Alain Soral nous explique en quoi la révolution a été volée au peuple, cet allié temporaire qu’il faut agiter avant de s’en servir, comme les nombreuses révolutions actuelles nous le montrent quasi quotidiennement. En quoi les idéaux fort nobles de la Déclaration des droits de l’homme et du citoyen ne pouvaient que se fracasser sur l’exercice du pouvoir réel, arraché à une aristocratie déclinante par des oligarchies peu partageuses, qui s’arrangèrent donc pour gouverner dans l’ombre par l’entremise de réseaux occultes.

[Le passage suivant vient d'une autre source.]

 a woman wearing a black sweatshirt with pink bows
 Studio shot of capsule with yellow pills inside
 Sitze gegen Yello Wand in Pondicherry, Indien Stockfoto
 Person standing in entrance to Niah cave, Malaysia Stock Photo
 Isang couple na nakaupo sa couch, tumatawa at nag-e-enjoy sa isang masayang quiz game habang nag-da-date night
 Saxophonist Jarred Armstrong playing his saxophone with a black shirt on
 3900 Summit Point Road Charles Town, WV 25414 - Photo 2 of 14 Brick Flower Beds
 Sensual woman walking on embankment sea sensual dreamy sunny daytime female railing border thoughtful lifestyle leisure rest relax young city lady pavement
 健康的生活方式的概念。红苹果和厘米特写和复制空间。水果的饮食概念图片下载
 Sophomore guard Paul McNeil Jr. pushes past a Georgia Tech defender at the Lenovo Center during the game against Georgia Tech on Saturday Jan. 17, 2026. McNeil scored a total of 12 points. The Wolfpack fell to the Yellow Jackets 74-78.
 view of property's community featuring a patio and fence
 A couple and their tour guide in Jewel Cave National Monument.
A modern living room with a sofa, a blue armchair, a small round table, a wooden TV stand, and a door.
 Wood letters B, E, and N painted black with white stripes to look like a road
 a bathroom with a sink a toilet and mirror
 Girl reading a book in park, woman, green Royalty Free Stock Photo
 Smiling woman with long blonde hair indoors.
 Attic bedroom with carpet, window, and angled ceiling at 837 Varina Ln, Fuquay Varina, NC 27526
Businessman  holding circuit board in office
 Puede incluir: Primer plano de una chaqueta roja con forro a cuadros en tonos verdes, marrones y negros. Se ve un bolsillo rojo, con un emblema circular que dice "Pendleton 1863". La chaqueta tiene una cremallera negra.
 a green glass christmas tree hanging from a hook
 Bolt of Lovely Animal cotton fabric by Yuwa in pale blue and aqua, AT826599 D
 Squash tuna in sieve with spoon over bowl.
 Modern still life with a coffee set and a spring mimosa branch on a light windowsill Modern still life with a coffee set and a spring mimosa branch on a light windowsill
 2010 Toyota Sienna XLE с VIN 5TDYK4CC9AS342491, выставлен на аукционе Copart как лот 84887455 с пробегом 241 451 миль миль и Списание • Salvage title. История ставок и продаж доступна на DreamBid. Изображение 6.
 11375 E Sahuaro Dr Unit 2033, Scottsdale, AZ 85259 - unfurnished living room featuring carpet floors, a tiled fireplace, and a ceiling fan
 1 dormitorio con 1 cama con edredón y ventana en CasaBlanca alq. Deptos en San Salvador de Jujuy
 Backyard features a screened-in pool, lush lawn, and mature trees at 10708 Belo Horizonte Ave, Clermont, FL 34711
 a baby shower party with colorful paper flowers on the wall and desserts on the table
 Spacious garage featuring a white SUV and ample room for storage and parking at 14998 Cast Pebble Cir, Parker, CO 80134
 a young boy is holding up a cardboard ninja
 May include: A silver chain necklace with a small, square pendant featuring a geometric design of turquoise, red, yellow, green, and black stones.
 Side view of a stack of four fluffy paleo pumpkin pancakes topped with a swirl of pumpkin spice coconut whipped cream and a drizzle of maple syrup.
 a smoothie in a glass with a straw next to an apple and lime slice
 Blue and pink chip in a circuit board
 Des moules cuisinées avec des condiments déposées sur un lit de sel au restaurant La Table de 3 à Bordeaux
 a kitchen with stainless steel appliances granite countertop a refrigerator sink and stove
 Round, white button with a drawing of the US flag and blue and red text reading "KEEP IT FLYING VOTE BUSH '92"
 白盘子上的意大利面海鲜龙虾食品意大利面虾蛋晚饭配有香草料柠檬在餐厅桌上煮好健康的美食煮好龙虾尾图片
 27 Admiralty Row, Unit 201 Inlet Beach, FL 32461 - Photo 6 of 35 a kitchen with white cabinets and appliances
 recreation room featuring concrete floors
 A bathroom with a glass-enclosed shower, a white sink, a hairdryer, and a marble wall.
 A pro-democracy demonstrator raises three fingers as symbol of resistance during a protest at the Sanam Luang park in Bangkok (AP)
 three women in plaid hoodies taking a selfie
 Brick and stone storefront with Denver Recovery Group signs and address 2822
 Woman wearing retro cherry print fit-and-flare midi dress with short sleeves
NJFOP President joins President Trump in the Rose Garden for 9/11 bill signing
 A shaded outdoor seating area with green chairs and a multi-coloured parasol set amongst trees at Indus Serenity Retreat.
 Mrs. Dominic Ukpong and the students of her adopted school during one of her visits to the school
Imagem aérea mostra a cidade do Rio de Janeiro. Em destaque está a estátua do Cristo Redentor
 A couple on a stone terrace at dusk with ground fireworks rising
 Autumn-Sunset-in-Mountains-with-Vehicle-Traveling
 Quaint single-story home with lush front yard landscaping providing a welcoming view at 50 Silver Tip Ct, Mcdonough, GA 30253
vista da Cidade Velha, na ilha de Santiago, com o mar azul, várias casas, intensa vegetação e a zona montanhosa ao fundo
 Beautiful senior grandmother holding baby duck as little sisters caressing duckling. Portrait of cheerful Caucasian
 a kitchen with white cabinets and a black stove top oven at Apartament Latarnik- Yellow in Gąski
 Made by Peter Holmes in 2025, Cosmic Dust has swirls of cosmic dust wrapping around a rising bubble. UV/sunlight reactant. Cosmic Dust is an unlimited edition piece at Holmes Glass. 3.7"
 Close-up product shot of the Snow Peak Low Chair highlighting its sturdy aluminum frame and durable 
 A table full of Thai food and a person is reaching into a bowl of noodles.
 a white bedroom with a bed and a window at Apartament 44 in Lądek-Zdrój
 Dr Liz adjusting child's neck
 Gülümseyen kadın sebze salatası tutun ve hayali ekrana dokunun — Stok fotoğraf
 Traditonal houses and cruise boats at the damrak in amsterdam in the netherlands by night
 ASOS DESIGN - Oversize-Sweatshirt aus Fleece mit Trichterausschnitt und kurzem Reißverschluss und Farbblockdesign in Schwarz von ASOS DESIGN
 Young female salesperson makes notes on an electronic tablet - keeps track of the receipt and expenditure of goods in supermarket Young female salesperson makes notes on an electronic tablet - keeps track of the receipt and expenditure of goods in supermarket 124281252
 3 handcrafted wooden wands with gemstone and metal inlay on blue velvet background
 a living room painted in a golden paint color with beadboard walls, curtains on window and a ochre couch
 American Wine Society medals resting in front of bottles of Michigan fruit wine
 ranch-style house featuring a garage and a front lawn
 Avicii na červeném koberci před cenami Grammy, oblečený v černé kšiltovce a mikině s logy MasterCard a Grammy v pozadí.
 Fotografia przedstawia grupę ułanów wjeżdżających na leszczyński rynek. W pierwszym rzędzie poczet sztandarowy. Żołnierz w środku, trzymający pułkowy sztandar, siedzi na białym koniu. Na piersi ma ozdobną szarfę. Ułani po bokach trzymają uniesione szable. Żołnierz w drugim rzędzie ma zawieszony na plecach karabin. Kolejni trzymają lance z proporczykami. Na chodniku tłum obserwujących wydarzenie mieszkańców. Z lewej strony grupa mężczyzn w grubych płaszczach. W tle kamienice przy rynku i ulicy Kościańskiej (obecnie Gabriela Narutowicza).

En quoi le pouvoir du roi et du clergé ne fut nullement remplacé par celui du peuple, mais par celui de la bourgeoisie et de la banque. En quoi le maintien de cette illusion démocratique nécessita la prise de contrôle de l’opinion par les grands media (presse papier à grande diffusion dès le dix-neuvième siècle, puis radio, télévision et aujourd’hui tentatives de contrôler les grands canaux d’internet). Ce qui naturellement, par le simple jeu du pouvoir qui produit toujours son propre excès, quels qu’en soient les acteurs, conduit aujourd’hui aux démocraties de spectacle qui sont les nôtres, où la tension entre le réel et le médiatique est d’une violence extrême… que les artistes les plus lucides et les plus courageux convertissent en énergie humoristique.

L’auteur nous conduit en définitive, au terme d’un parcours d’une implacable logique, à considérer Aldous Huxley et George Orwell non comme des écrivains de fiction, mais comme des écrivains d’anticipation. Morts en 1963 pour le premier, et en 1950 pour le second… ce qui devrait, en toute logique, nous faire réfléchir en 2015. Mais, tels la grenouille dans l’eau lentement chauffée, les peuples d’occident semblent anesthésiés par leur frénésie de consommation et leur illusion de liberté.

Puissent-ils lire ce livre, petit par la taille, grand et puissant par son contenu. Peut-être alors verront-ils dans le “conspirationnisme” d’Alain Soral (un des qualificatifs du néo-maccarthysme dont nous avons déjà parlé ici) le simple exercice de la raison. Et se rappelleront-ils qu’en son temps, Montesquieu avait vu aussi son chef-d’oeuvre mis à l’Index par l’Église catholique, alors toute-puissante.